I also highly recommend installing a inner chain keeper. (I use K-edge, but perfectly fine cheaper options are out there) Yes, I know many people say it's not necessary, but in my opinion there are often times the chain has a longer than normal amount of distance to drop (like if you start shifting down at the largest part of the pedal stroke and the chain lands at the smallest of the small ring...) and there have been times even with a keeper and "clutching" I've felt like I got lucky not to throw the whole thing. It has certainly sounded like all hell breaking loose.  Of course, a keeper has it's own risks, as it is certainly "possible" to drop the chain between the frame and the keeper if it's not perfectly set (it may be "possible" even then under the right conditions) This is one of the reasons I moved away from my Osy's in 2013, after having a dropped chain in a big race at the end of the season. That was on my Planet X, and that particular day/race I had other mechanical problems which almost certainly directly contributed to that dropped chain, but nonetheless it was enough for me to pull the plug on it at the time. (Call that full'ish disclosure) Back on topic however...

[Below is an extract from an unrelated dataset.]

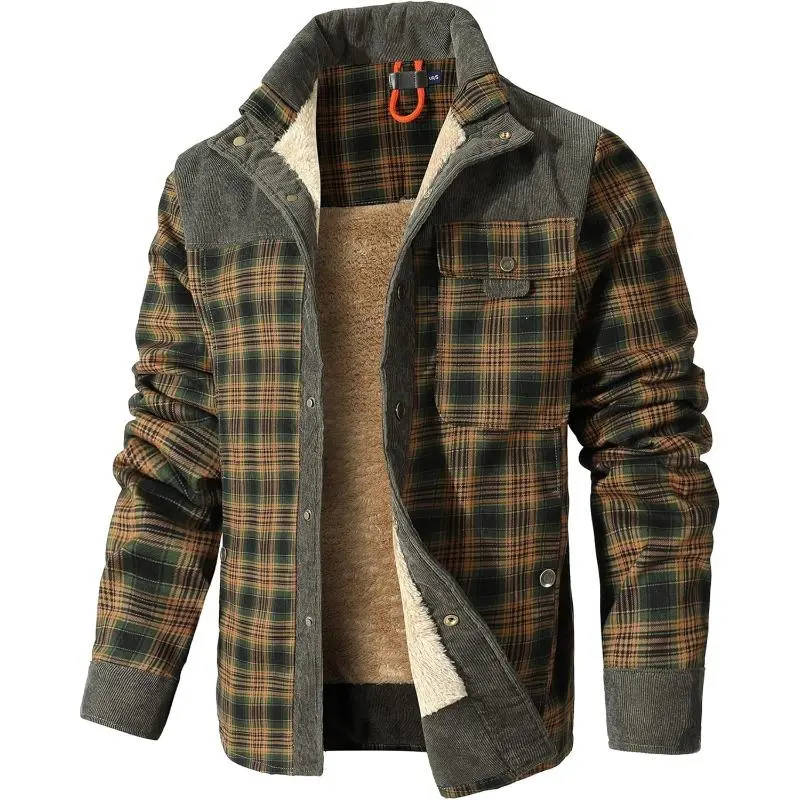 Men's Plaid Flannel Shirt Jacket, Soft Sherpa Fleece Lined Button-Down Cotton Coat, Loose Fit Western Style for Outdoor Workwear, Fabric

chain keeper installed to keep the chain in the right spot

Once that's squared away, it's time to get the chain on and check that that hasn't messed anything up in the FD area. Again, the primary thing you are looking for at this point is whether the chain will move down from the big ring without getting stuck between the outer cage and the ring.

Also make sure if you have a braze on hanger, the front of the FD cage is not hitting it. This is something that can happen if you raise the FD to near the max height without using any spacers. This is easy to miss at this step but will cause a lot of headaches later if you don't check.

Small ring

Big Ring

Now you are ready to cable your derailleurs as normal. I took the above pictures after already cabling my bike, and like an idiot didn't get a picture of me checking the limit screws on the front derailleur beforehand. To do this I stick a long T-handle allen wrench behind the front of the derailleur (between the inner cage and the frame) and leverage it out to the large ring. (You could also do it by hand but I personally find it awkward to try to turn the crank and move the FD at the same time) You'll know very quickly whether you need to bring in (or out) the limit screws, just make 1/8 or 1/4 turns of the limit screw and try again until you get it close. You can fine tune after you get it cabled.

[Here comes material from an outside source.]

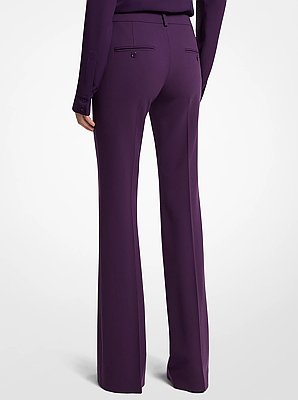 Haylee Stretch Wool Crepe&nbsp;Flared Trousers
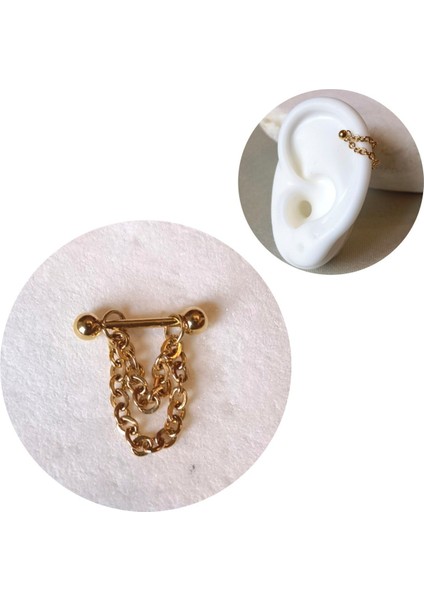 Cerrahi Çelik Çift Zincir Detaylı Gold Helix Piercing/ Bar Uzunluğu 8 mm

After you get everything cabled and adjusted you'll likely have to decide whether you want to spread the front derailleur cage or not. (If your FD allows for it)  On the one hand, adding the spacers to spread it can often eliminate some rub in certain gear combinations (mostly crosschaining, but some gears I wouldn't exactly consider meet that criteria) but on the other hand, you are spreading your derailleur cage, which *probably* won't effect shifting up/down, but could in theory.  Personally, I don't add the spacers any more. The first time I set them up I did. In both cases they rubbed some, so I don't see any reason to add it unless you are rubbing in very straight chainline gear combinations.

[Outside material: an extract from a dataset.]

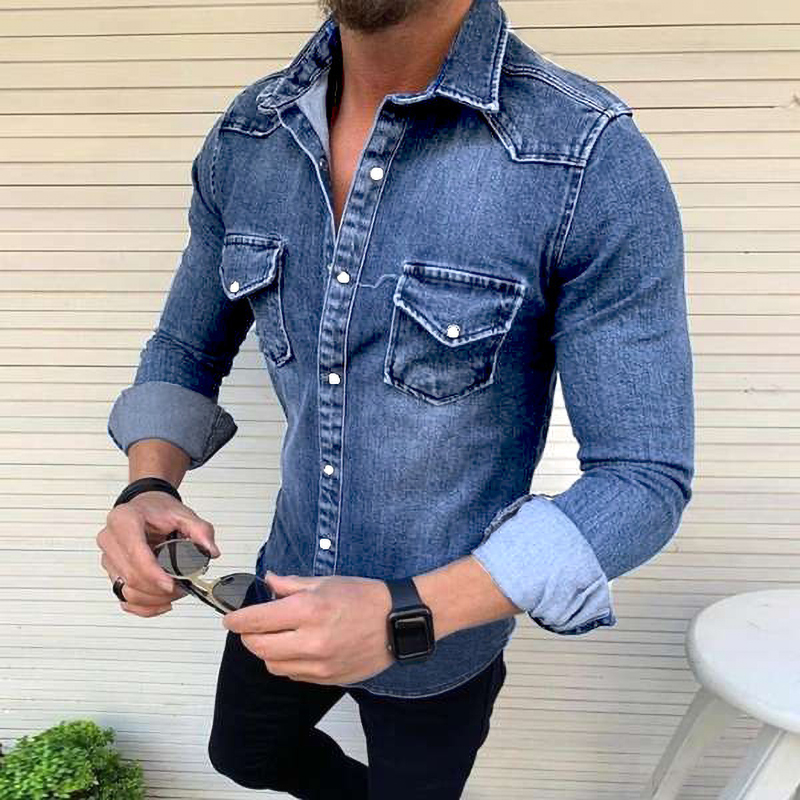 Mens denim store shirts long sleeve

Now do a little test shifting and make sure you've got everything smooth. With a little time I can get mine to shift very smoothly, and again, that's without any ramps... I'm sure the new ones are much nicer.

A lot of these steps are likely unnecessary if you've picked a more common size of rings. You certainly won't run into any more difficulty than you will on this size combo, so hopefully this is fairly comprehensive. My advice is to not use any "extra" small parts you don't absolutely need when setting them up.

Hopefully this post will help you out if you searched it up having trouble with installation.  I am still a pessimist when it comes to the % power increase that gets claimed, but I also think there is some merit to non-round rings other than more watts. Maybe in the future we'll revisit my old review of them with some updated thoughts.